PROBLEM TO SOLVE: Retype, exactly as they stand, the lines from the start of the data to the line that contains "usar lalal.ai para", both ends included. Leave the pictures out.

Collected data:
====

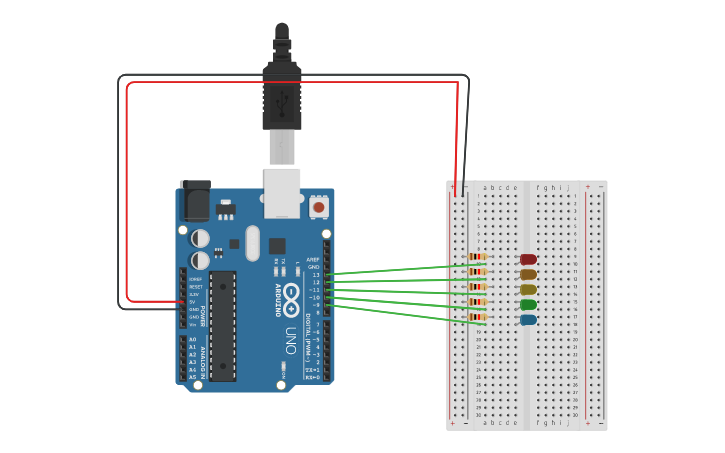 Circuit design arduino - Tinkercad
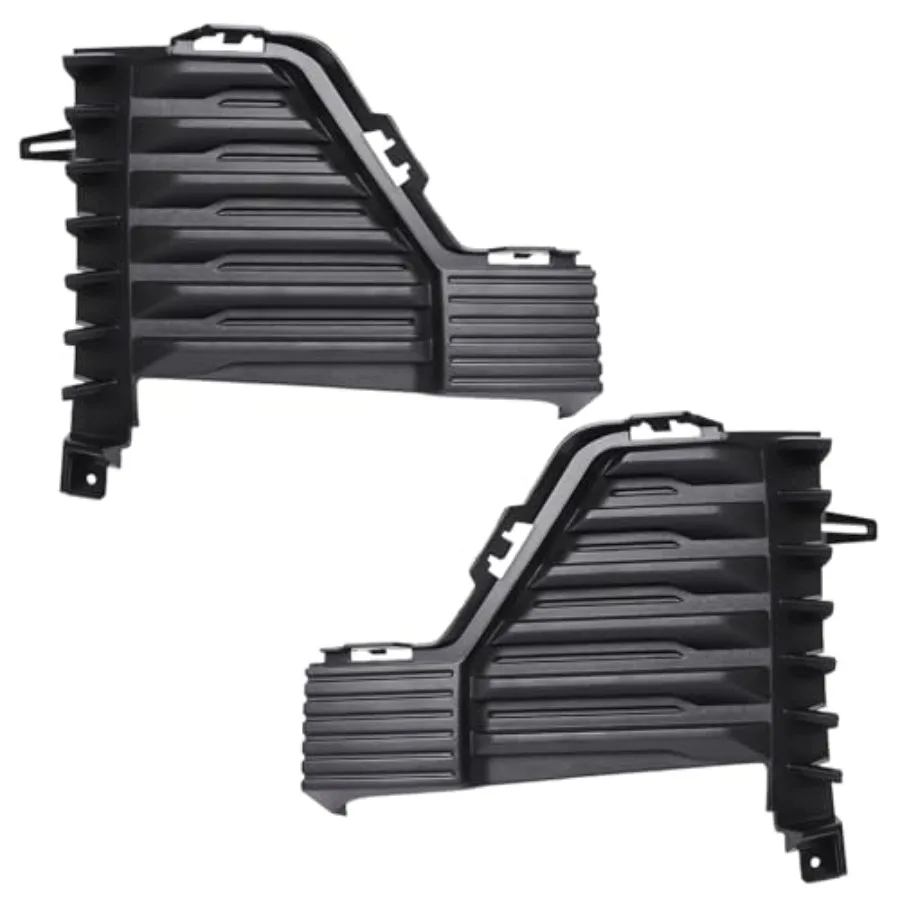 

Front Bumper Air Duct Vent Cover Driver and Passenger Side 2PCS Fit For Chevy Chevrolet Silverado 1500 2022 2023 2024 2025 Lowe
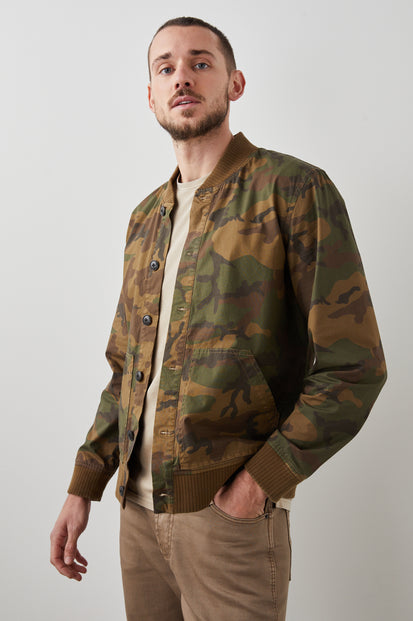 ASTON JACKET - WOODLAND CAMO FRONT BODY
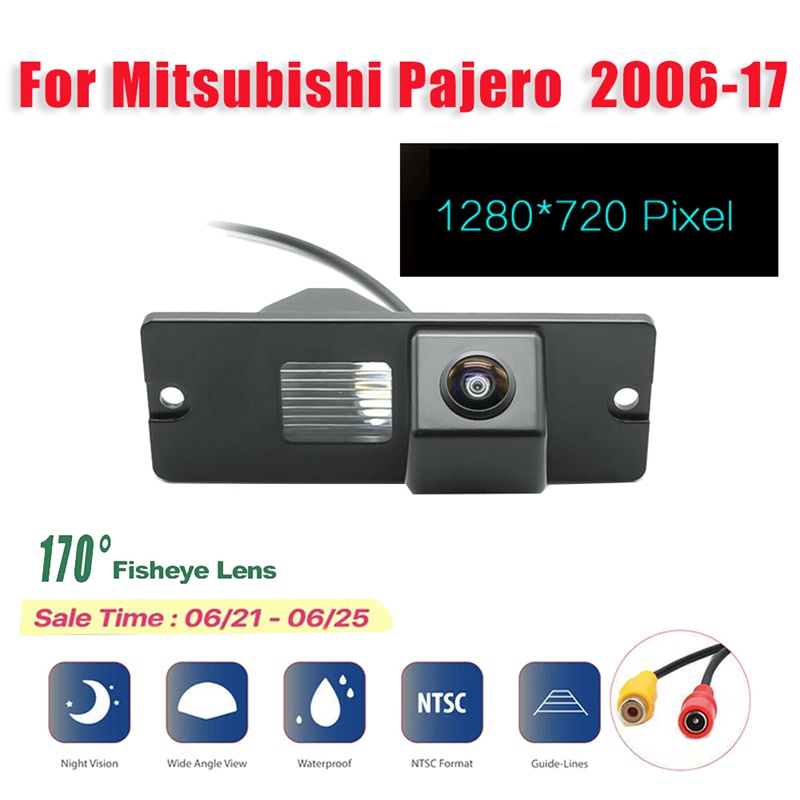 Camera Lùi Xe Góc Rộng 170 Độ 1280x720 Fisheye Cho Mitsubishi Pajero 4 2006-2017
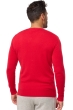 Cashmere men v necks tor first deep red xl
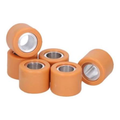 Kit 6 rulli variatore Piaggio CM1102035 arancioni da 19x15,5 mm con boccola metallica interna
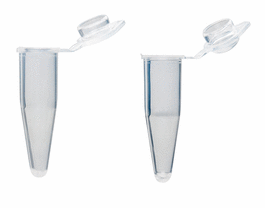 0.2ml individual pcr tube with frosted flat cap, clear (c062b-011421)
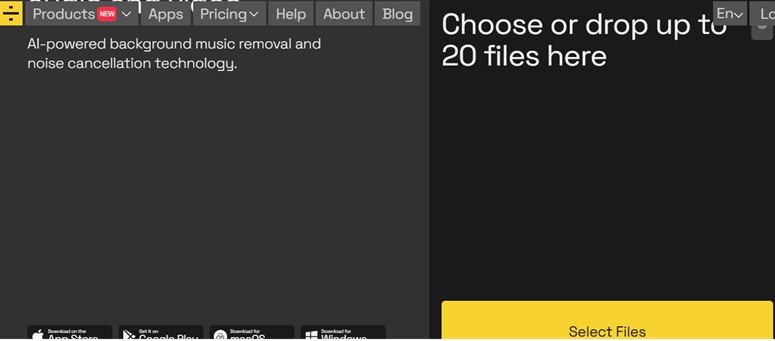 usar lalal.ai para eliminar música de fondo de un video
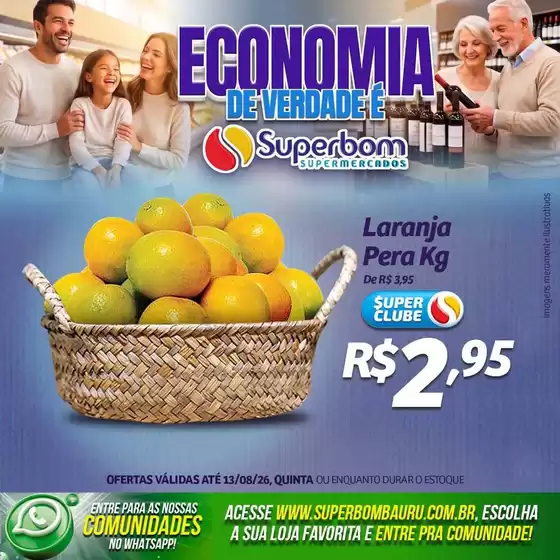 Catálogo Superbom Supermercados | Promoções especiais em andamento | 2026-08-11T00:00:00.000Z - 2026-08-13T00:00:00.000Z
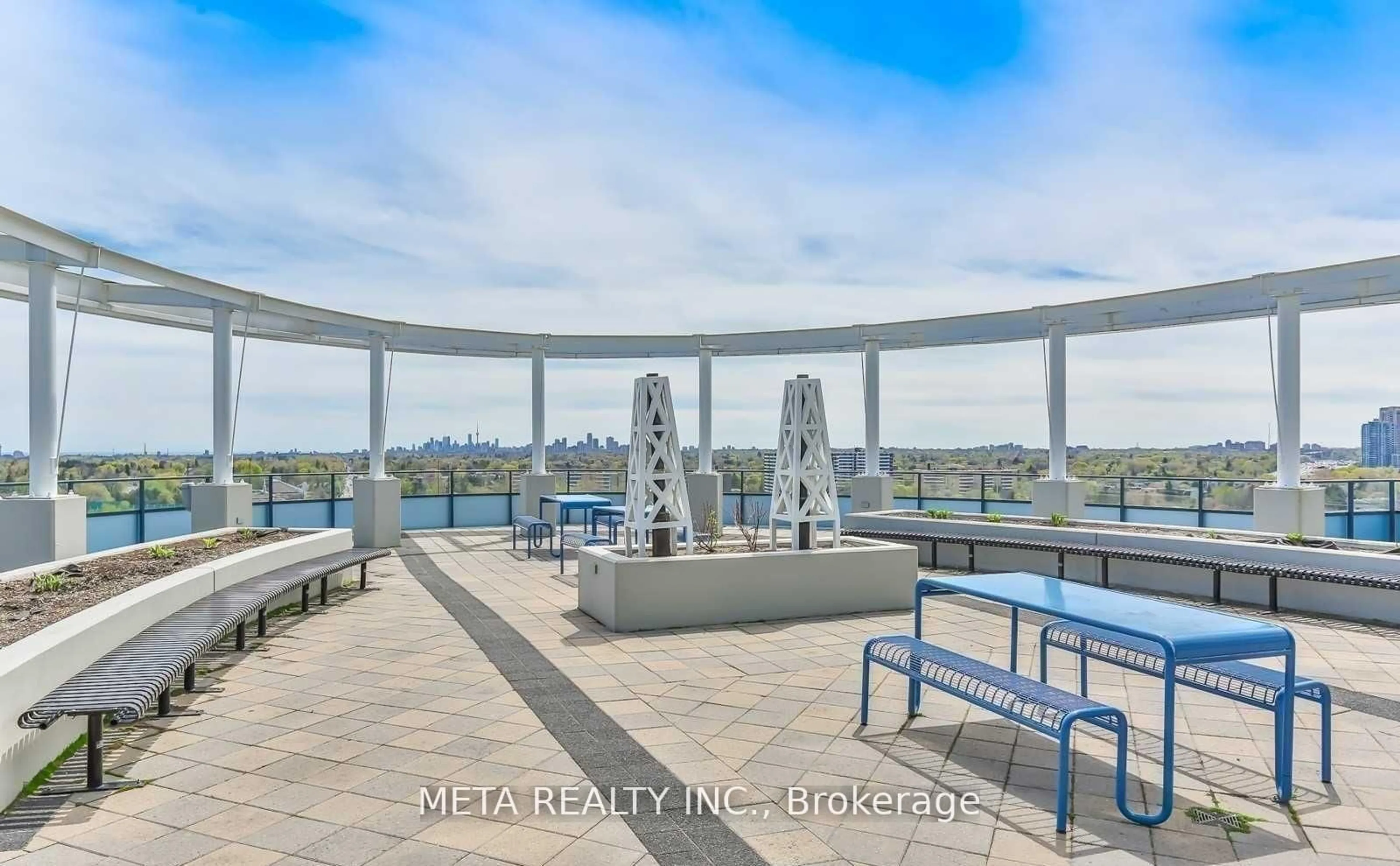 Patio, water/lake/river/ocean view for 2885 Bayview Ave #406, Toronto Ontario M2K 0A3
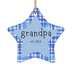 Grandpa Ornament, Grandpa-to-Be Gifts, New Baby Announcement, Ceramic Ornament Gifts for Grandpa 2024,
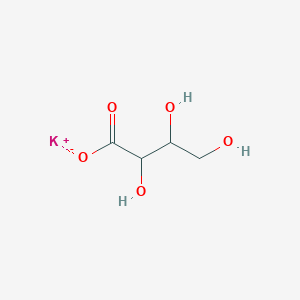 molecular formula C4H7KO5 B15265291 Potassium 2,3,4-trihydroxybutanoate 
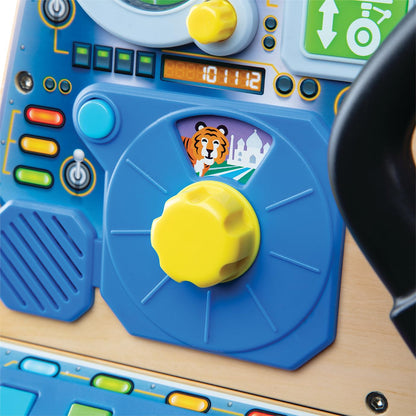 Melissa & Doug interactive dashboard wooden toy for ages 3 and up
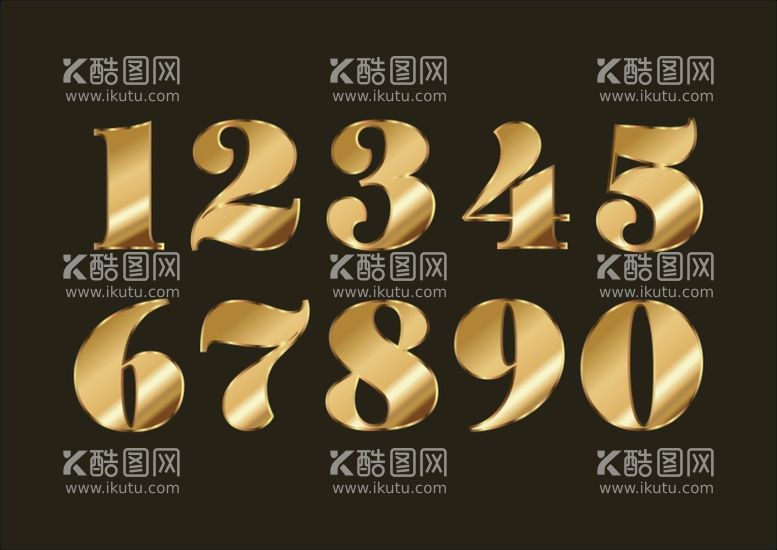 编号：70151112261045026525【酷图网】源文件下载-金色数字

====

EXERCISE OUTPUT:
 Circuit design arduino - Tinkercad

Front Bumper Air Duct Vent Cover Driver and Passenger Side 2PCS Fit For Chevy Chevrolet Silverado 1500 2022 2023 2024 2025 Lowe
 ASTON JACKET - WOODLAND CAMO FRONT BODY
 Camera Lùi Xe Góc Rộng 170 Độ 1280x720 Fisheye Cho Mitsubishi Pajero 4 2006-2017
 Cashmere men v necks tor first deep red xl
 Kit 6 rulli variatore Piaggio CM1102035 arancioni da 19x15,5 mm con boccola metallica interna
 0.2ml individual pcr tube with frosted flat cap, clear (c062b-011421)
 usar lalal.ai para eliminar música de fondo de un video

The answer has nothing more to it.